Jennifer Hudson delights as the Queen of Soul in this biopic charting the life and times of Aretha Franklin. Directed by Liesl Tommy, Respect follows Franklin from her youth in Michigan through her burgeoning career in gospel and jazz and finally to the mainstream breakthrough that led to her becoming one of the most successful performers in the world. This is no puff piece, though. Tommy documents Franklin’s lows as spectacularly as her highs, from family conflicts to career burnout, self-destruction, and battles with addiction. A beautifully shot film that perfectly captures each era of Franklin’s life with period-perfect costuming and designs, Respect also boasts a fantastic supporting cast, including Forest Whitaker, Marlon Wayans, Audra McDonald, Marc Maron, Tituss Burgess, and Mary J. Blige—and, naturally, a phenomenal soundtrack.
One Night in Miami …
Based on the play of same name, One Night in Miami … follows four icons of culture, music, and sports—Malcom X, Jim Brown, Sam Cooke, and Muhammad Ali—at the height of the civil rights movement, a converging and pivotal point in their lives and careers.
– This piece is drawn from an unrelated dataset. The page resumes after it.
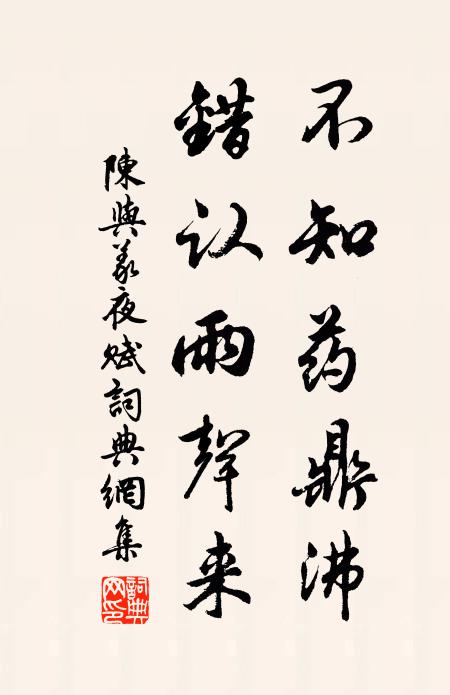 君才不忝圖書府，吾老安能筆硯間 詩詞名句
Meeting in a motel room in the wake of Ali’s—then still Cassius Clay—heavyweight victory over Sonny Liston in 1964, the four men discuss their roles in the movement and society as a whole, all while the audience knows the weight of history is bearing down on them. The close confines of much of the film reflect its theatrical roots, but this feature directorial debut from Regina King perfectly portrays the larger-than-life personalities of its cast. Kingsley Ben-Adir is on fire as Malcom X, with Aldis Hodge, Leslie Odom Jr., and Eli Goree—as Brown, Cooke, and Ali—all utterly magnetic.
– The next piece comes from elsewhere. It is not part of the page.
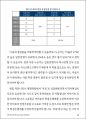 대학편입 핵심 가이드_The Secret of University Transfer 35페이지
Like any other offering from A24 (The Witch, Hereditary, Midsommar), Rose Glass’ directorial debut Saint Maud is an ethereally cerebral horror movie. In it, Morfydd Clark plays Katie, a sad and lonely young woman who has left her job due to unknown circumstances. When she begins to look after a terminally ill woman who is everything she is not—vivacious, free-spirited—Katie, who now goes by Maud, is enchanted. However, everything begins to spiral out of control when Maud becomes convinced she’s been sent to save the young woman’s soul.
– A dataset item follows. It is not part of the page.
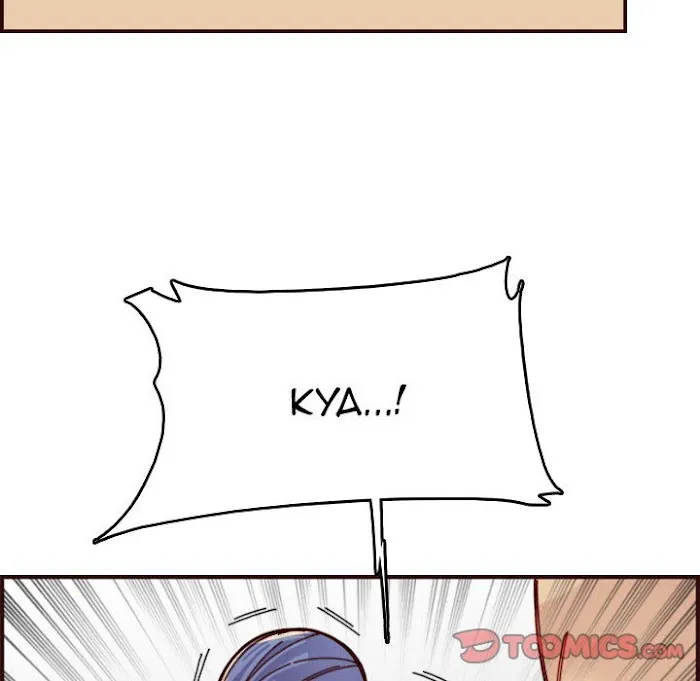 Read Never Too Late chapter 70 image 125 on Lezhin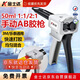 金士達環(huán)氧AB膠槍50ml通用型點膠槍1:1/1:2通用ab膠水操作工具 耐磨不易斷裂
Produced by Amazon, The Report is an engrossing depiction of the US Senate’s investigation into the CIA’s “enhanced interrogation” program—how it came to be, who knew about it, and how the CIA massaged the facts to support its efficacy. Adam Driver stars as Daniel Jones, the lead investigator who plowed an increasingly lonely path to the truth, battling against political resistance and CIA interference all the way. Driver is, as is his habit these days, superb, and the film’s 82 percent “fresh” rating on Rotten Tomatoes is well earned.
Sound of Metal
When punk-rock drummer and recovering addict Ruben starts experiencing hearing loss, it threatens to upend his entire life. Faced with an impossible choice between giving up his hearing or giving up his career, Ruben begins to spiral, until his girlfriend Lou checks him into a rehab center for the deaf, forcing him to confront his own behavior as much as the future he faces. Riz Ahmed is in spectacular form as the troubled Ruben, while Olivia Cooke’s turn as Lou, who suffers with her own demons, including self-harm, is riveting. Fittingly enough, Sound of Metal also features incredibly nuanced use of sound—and its absence—as director Darius Marder crafts one of the finest dramas in recent years.